= Assigned task =
Output every entry exactly as written, skipping any pictures.

= Given entries =

== Segment start ==

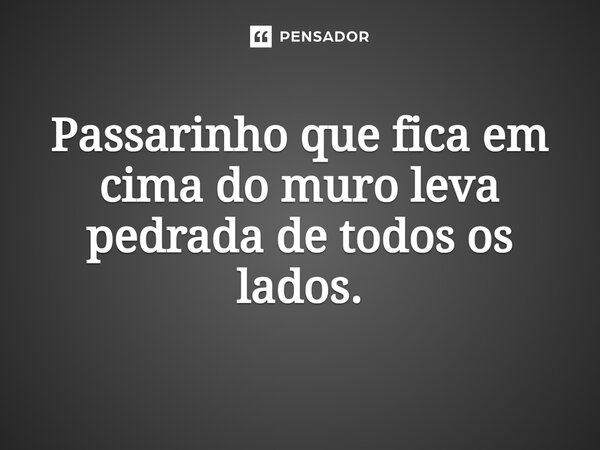 ⁠Passarinho que fica em cima do muro leva pedrada de todos os lados.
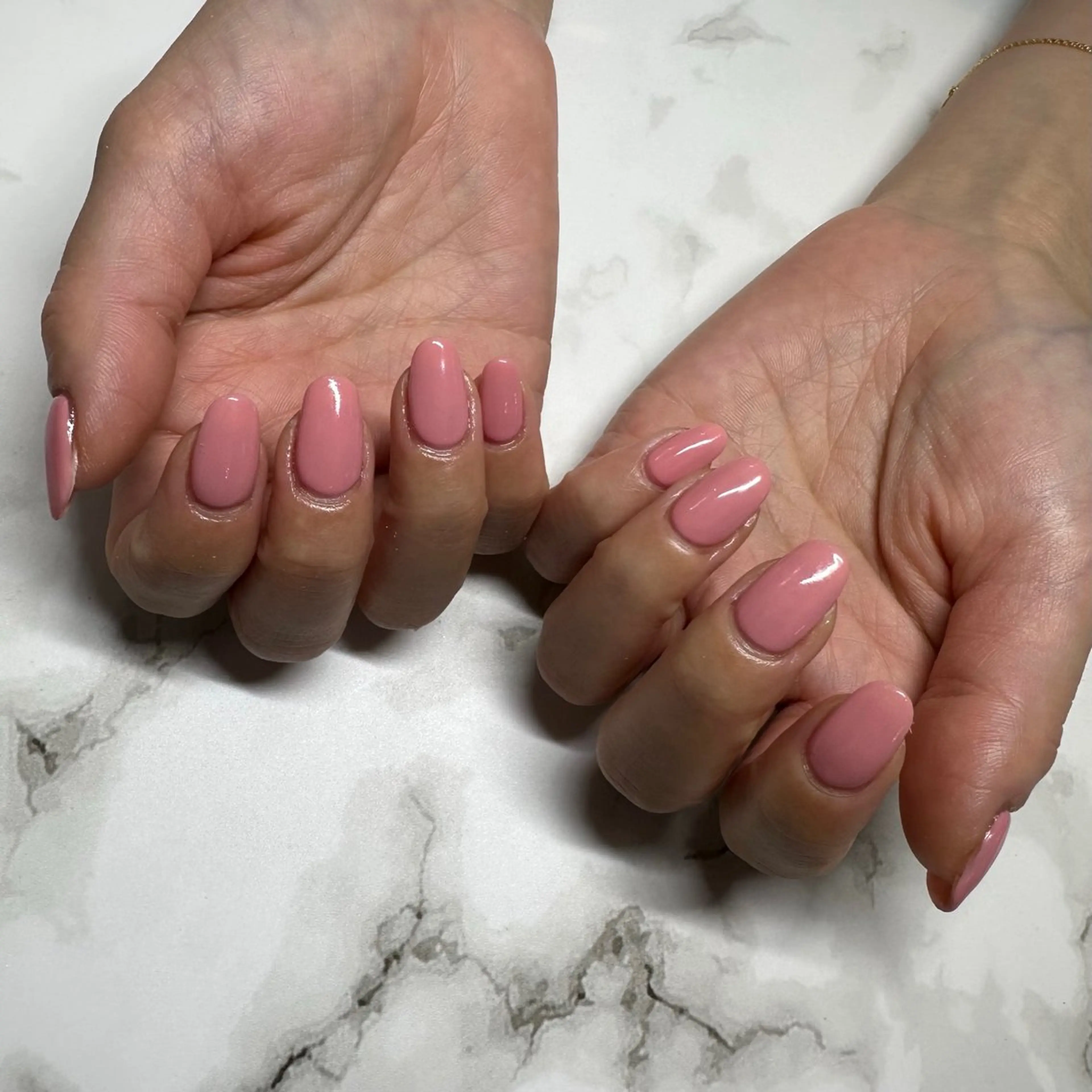 hand ワンカラーの写真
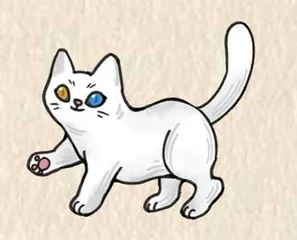 你的猫在古代叫什么3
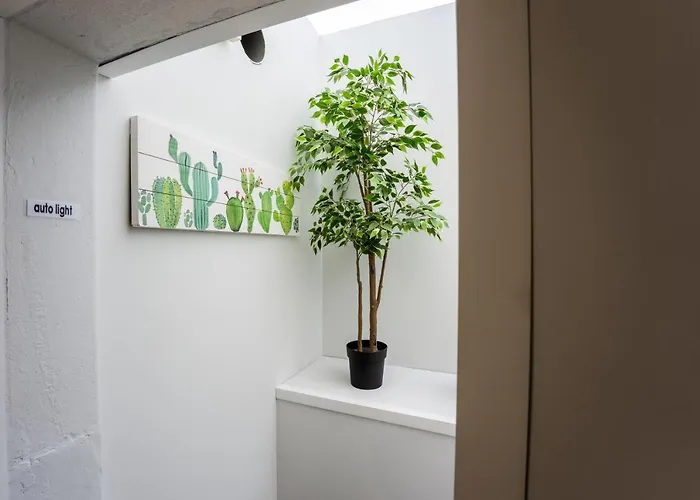 V Princesa. Piscina Con Piscina Climatizada Y Bbq 卡门港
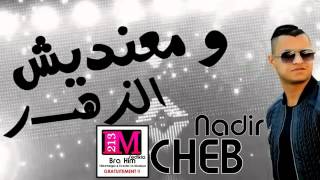 Cheb Nadir Kol Wahed Rah Fi Jiha قنبلة الشاب نذير 2016 pirat polo YouTube [upl. by Eveam668]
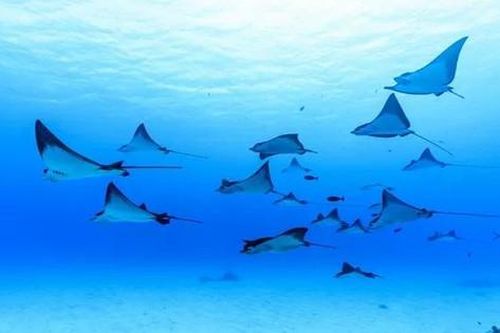 Phát hiện loài sứa vương miện 'khổng lồ' có màu đỏ như máu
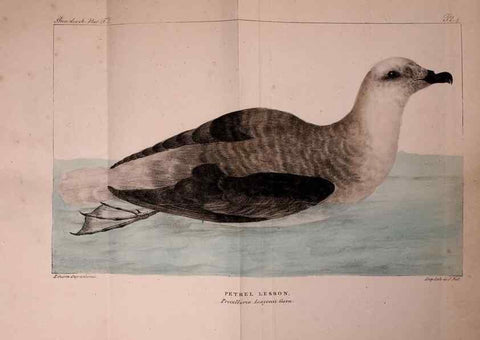Reproducción/Reproduction 49772779213: Annales des sciences naturelles :. Paris :Crochard. 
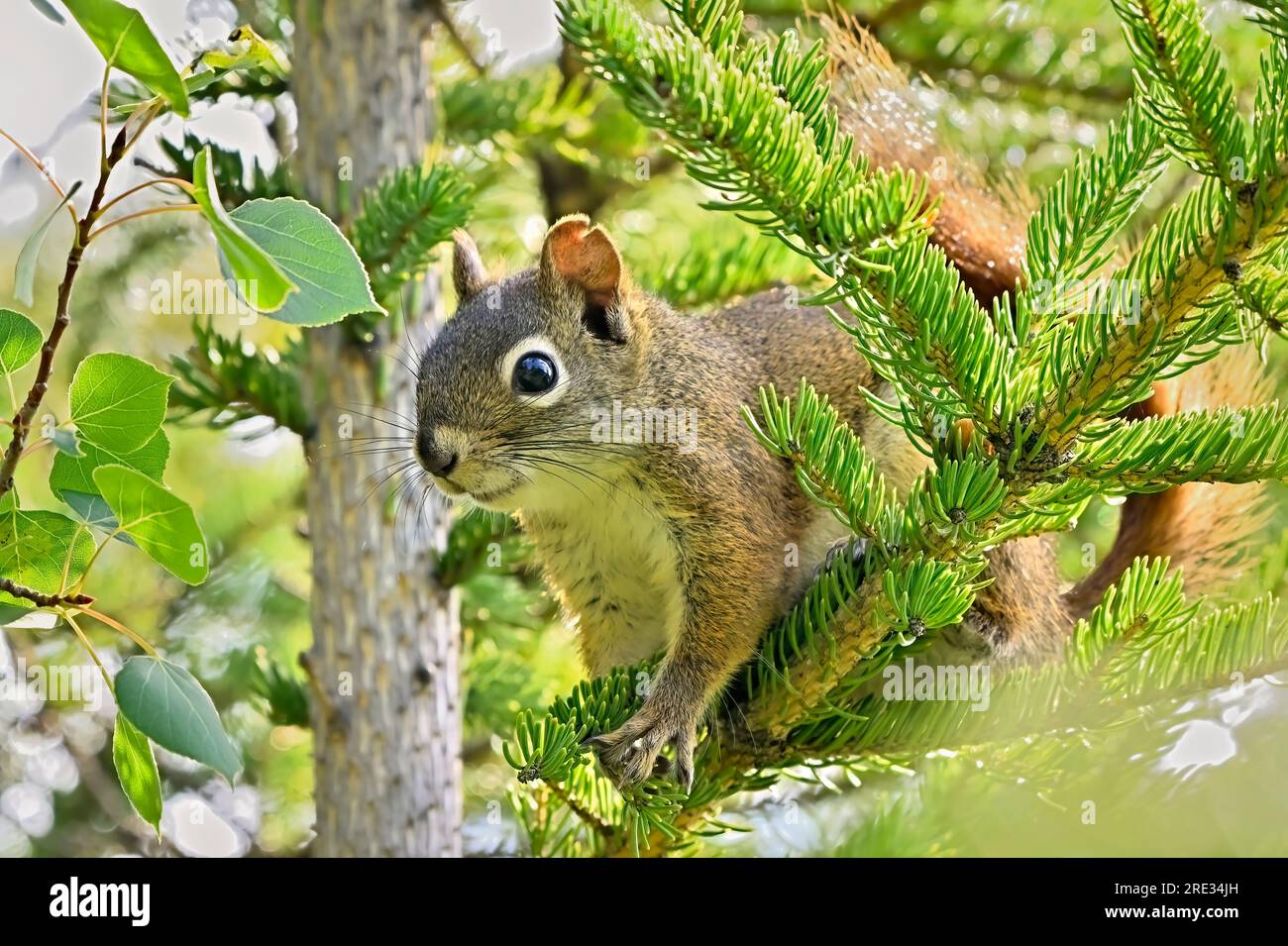 Uno scoiattolo rosso " Tamiasciurus hudsonicus", nascosto in un piccolo abete rosso nel suo habitat boschivo Foto Stock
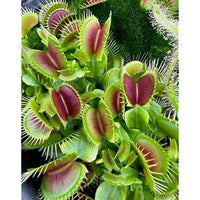 Grün Sundew Blumensamen zur Aussaat – kompakt Wuchs – Traditionssorte & ohne Gentechnik Samen Hausgarten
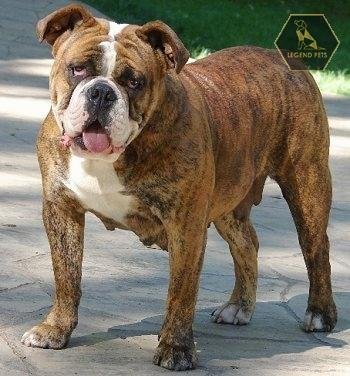 English Bulldog/Olde English Hybrid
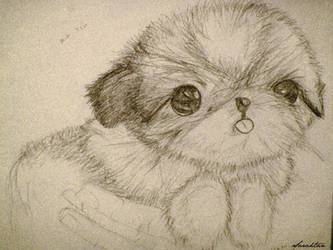 Shih tzu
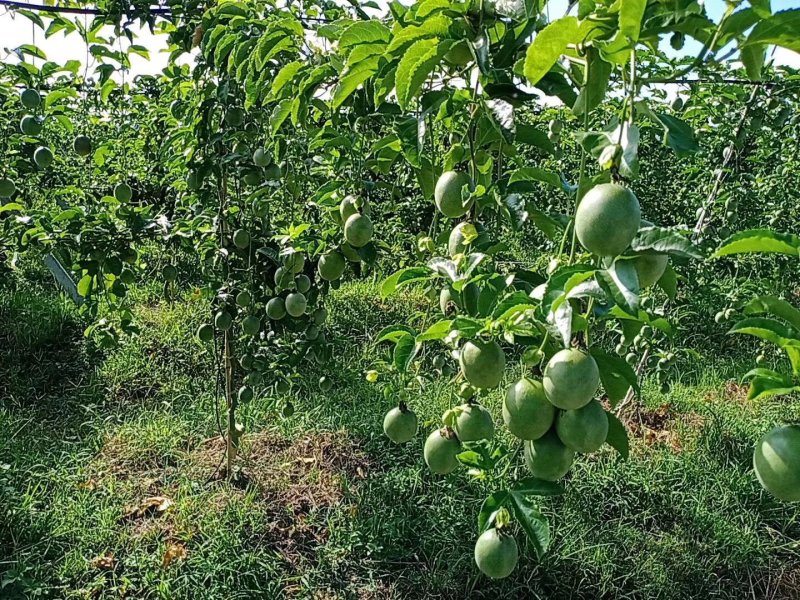 菠萝、百香果、芒果。。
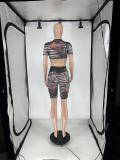 Women's See-Through Print Mesh Lace-Up Short-Sleeved Top Shorts Two-Piece Set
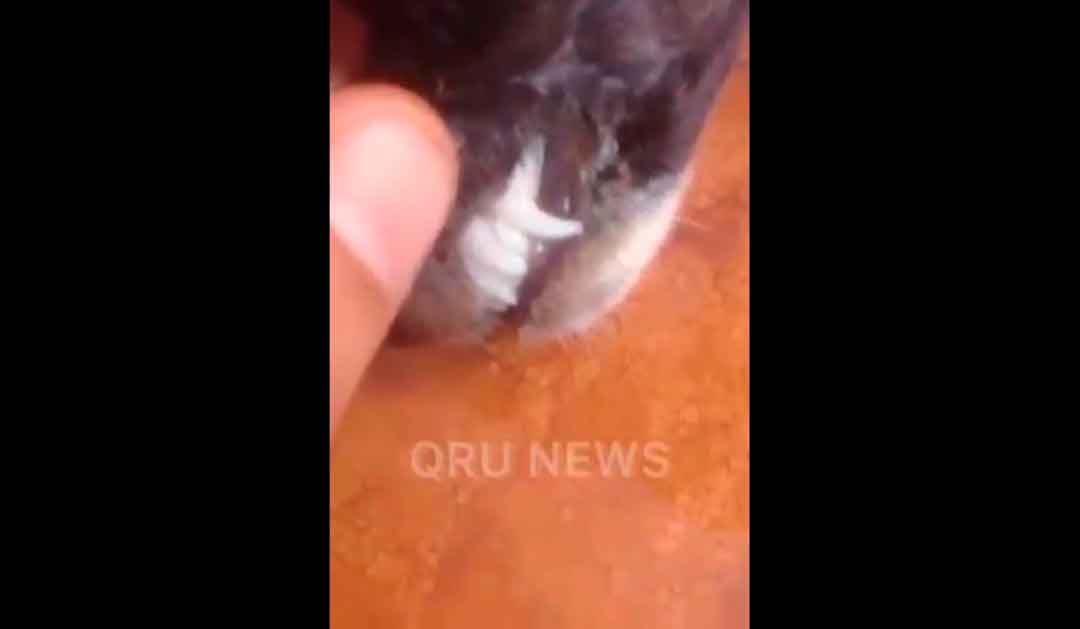 Cachorrinha É Encontrada Com A Boca Colada Com Superbonder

== Segment end ==

= Solution =
 ⁠Passarinho que fica em cima do muro leva pedrada de todos os lados.
 hand ワンカラーの写真
 你的猫在古代叫什么3
 V Princesa. Piscina Con Piscina Climatizada Y Bbq 卡门港
 Cheb Nadir Kol Wahed Rah Fi Jiha قنبلة الشاب نذير 2016 pirat polo YouTube [upl. by Eveam668]
 Phát hiện loài sứa vương miện 'khổng lồ' có màu đỏ như máu
Reproducción/Reproduction 49772779213: Annales des sciences naturelles :. Paris :Crochard. 
 Uno scoiattolo rosso " Tamiasciurus hudsonicus", nascosto in un piccolo abete rosso nel suo habitat boschivo Foto Stock
 Grün Sundew Blumensamen zur Aussaat – kompakt Wuchs – Traditionssorte & ohne Gentechnik Samen Hausgarten
 English Bulldog/Olde English Hybrid
 Shih tzu
 菠萝、百香果、芒果。。
 Women's See-Through Print Mesh Lace-Up Short-Sleeved Top Shorts Two-Piece Set
 Cachorrinha É Encontrada Com A Boca Colada Com Superbonder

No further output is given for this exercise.